Task goal:
In the material below, the required lines run from the one containing "Liquid Core Dice Set (Purple Dust)" through the one containing "Console, Rustic White". Copy those lines exactly, ends included, and nothing else.
Top of Excerpted data
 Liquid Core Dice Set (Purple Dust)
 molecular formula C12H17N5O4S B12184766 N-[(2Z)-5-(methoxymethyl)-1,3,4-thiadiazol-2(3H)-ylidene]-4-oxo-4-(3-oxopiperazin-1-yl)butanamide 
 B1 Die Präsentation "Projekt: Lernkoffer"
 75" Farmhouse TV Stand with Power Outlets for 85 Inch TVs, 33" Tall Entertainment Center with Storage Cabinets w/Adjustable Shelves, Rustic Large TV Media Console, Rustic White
Bottom of Excerpted data
Top of Excerpted data
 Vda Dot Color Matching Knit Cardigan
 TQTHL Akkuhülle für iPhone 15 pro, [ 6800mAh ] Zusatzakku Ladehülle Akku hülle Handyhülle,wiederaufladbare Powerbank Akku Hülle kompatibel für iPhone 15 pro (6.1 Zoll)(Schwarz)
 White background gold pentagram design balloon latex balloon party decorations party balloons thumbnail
Bottom of Excerpted data
Result:
 Liquid Core Dice Set (Purple Dust)
 molecular formula C12H17N5O4S B12184766 N-[(2Z)-5-(methoxymethyl)-1,3,4-thiadiazol-2(3H)-ylidene]-4-oxo-4-(3-oxopiperazin-1-yl)butanamide 
 B1 Die Präsentation "Projekt: Lernkoffer"
 75" Farmhouse TV Stand with Power Outlets for 85 Inch TVs, 33" Tall Entertainment Center with Storage Cabinets w/Adjustable Shelves, Rustic Large TV Media Console, Rustic White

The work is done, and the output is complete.